Tipp für die Praxis: Setzen Sie auf Evolution statt Revolution und zeigen Sie anhand konkreter Beispiele, wie bewährte Praktiken in Ihrem Unternehmen mit neuen Ideen und Technologien kombiniert werden können: Implementieren Sie Pilotprojekte und illustrieren Sie so den Mehrwert, indem Sie die Veränderungen über die Zeit hinweg tracken.
2. New Leadership hat man drauf – oder eben nicht
Häufig wird jungen Führungskräften mit „modernem Mindset“ und sogenannten Natural Leaders zugeschrieben, New Leadership idealtypisch zu verkörpern. Das impliziert, dass man es entweder draufhat, ein New Leader zu sein – oder eben nicht. Dabei lassen wir allerdings außer Acht, dass die Prinzipien von New Leadership – der Fokus auf Beziehungen, Ergebnisse, Kollaboration und Innovation – auch erlernt und trainiert werden können, und zwar unabhängig von Alter, Erfahrung oder individuellem Führungs-Talent. New Leadership ist eine Haltung mit einem besonderen Skill-Set, das man sich aneignen kann.

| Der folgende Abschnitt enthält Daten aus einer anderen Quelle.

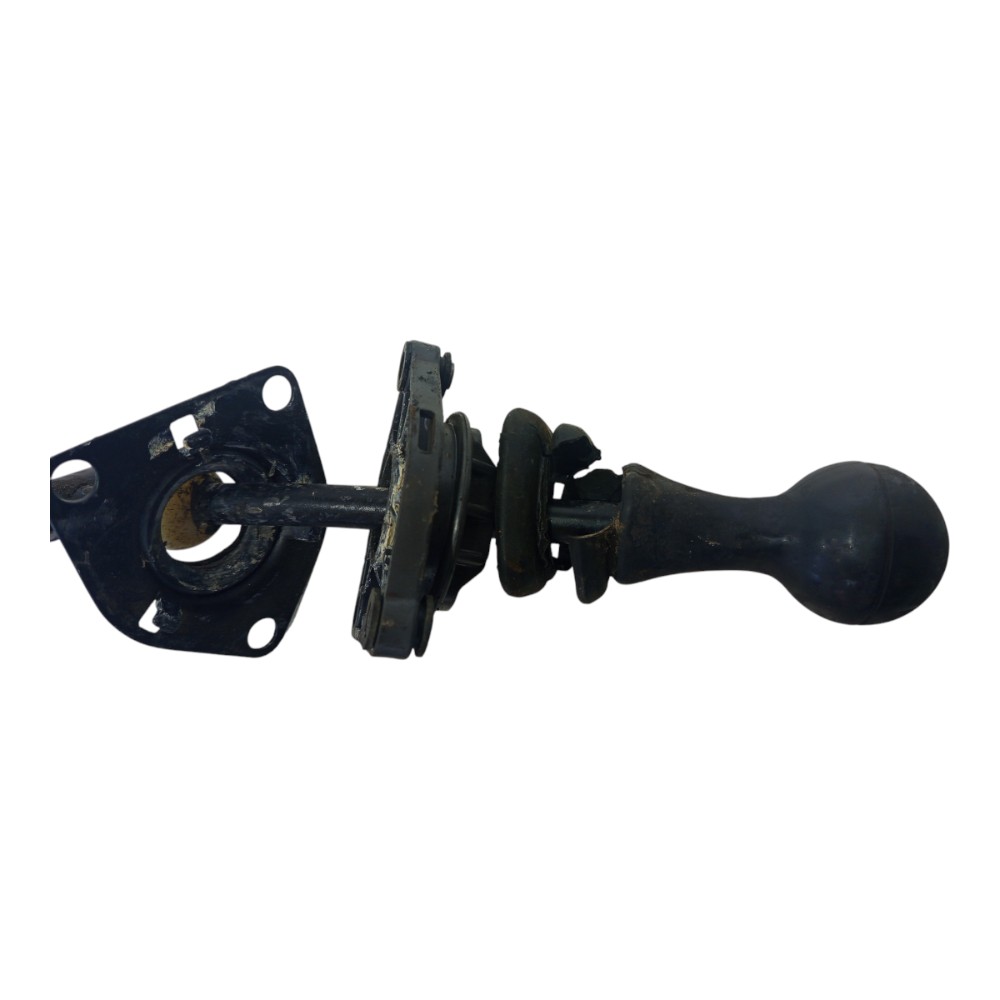 Alavanca Marcha Volkswagen Parati 1.8 1990 1991 1992 A 1996 1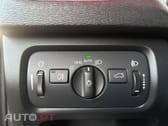 Volvo V40 1.6 D2 R-Design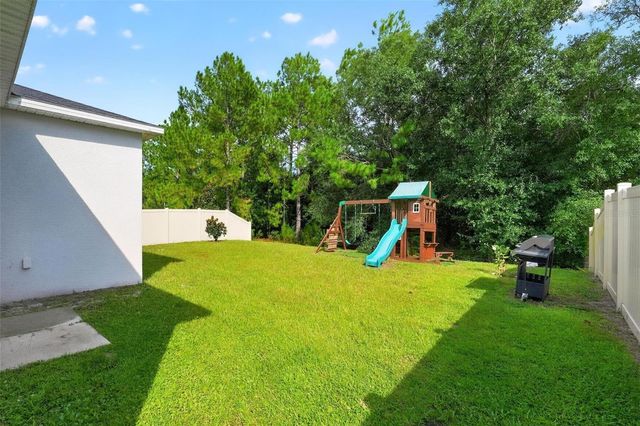 16336 WINDING PRESERVE CIRCLE, Clermont, FL 34714
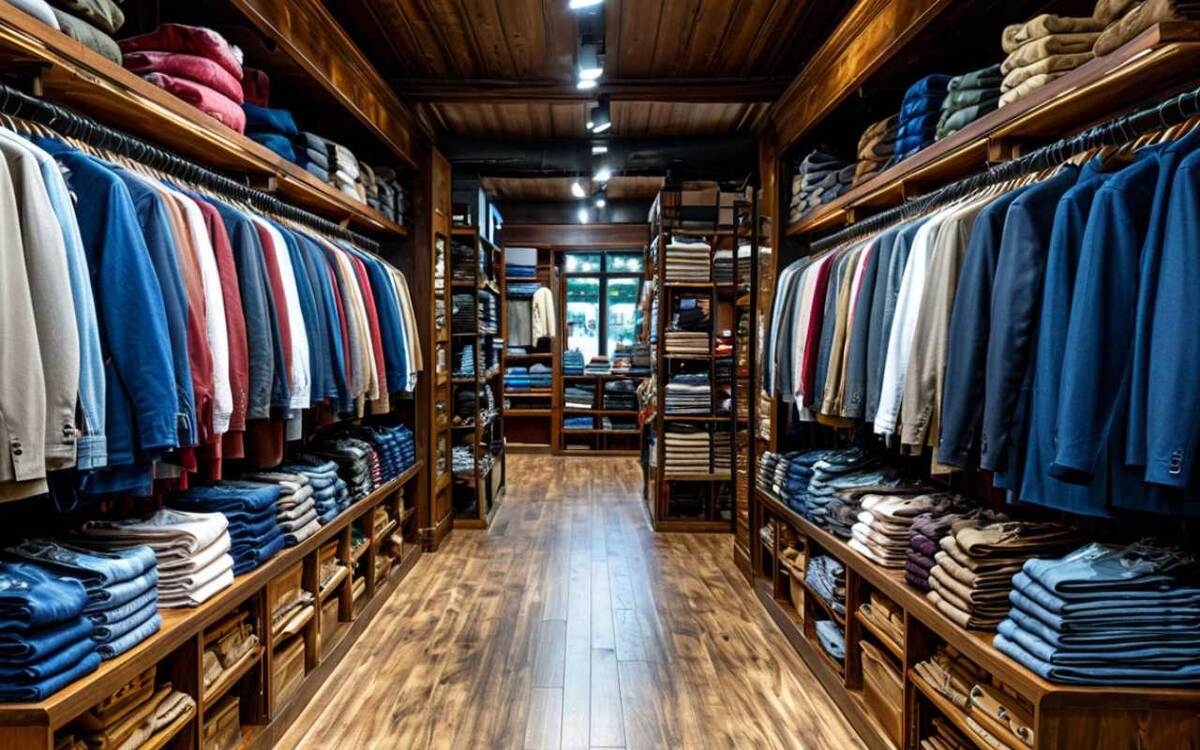    «Дочка» испанской Inditex продолжает судиться с воронежской таможней Иллюстрация: нейросеть «Шедеврум»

Allerdings, und das ist jetzt die schlechte Nachricht: Sie kann nicht einfach verordnet werden, sondern setzt einen Bewusstseins- und Reflexionsprozess samt Auseinandersetzung mit den entsprechenden Führungsprinzipien und Werten voraus.
Tipp für die Praxis: Leadership hat sehr viel mit Empathie, und weniger mit Alter oder Erfahrungsschatz zu tun: Individuelle Führung heißt das Zauberwort. So vielseitig wie die Begabungen Ihrer Mitarbeiter sind auch ihre Bedürfnisse. Versuchen sie das in Ihrer Führungsarbeit zu berücksichtigen. Was der eine braucht, ist bei der anderen möglicherweise kontraproduktiv. Und: Die vielzitierte Customer Centricity gilt auch für Führungskräfte: Die Mitglieder Ihres Teams sind Ihre Kunden („Servant Leadership“) und so wollen sie auch behandelt werden.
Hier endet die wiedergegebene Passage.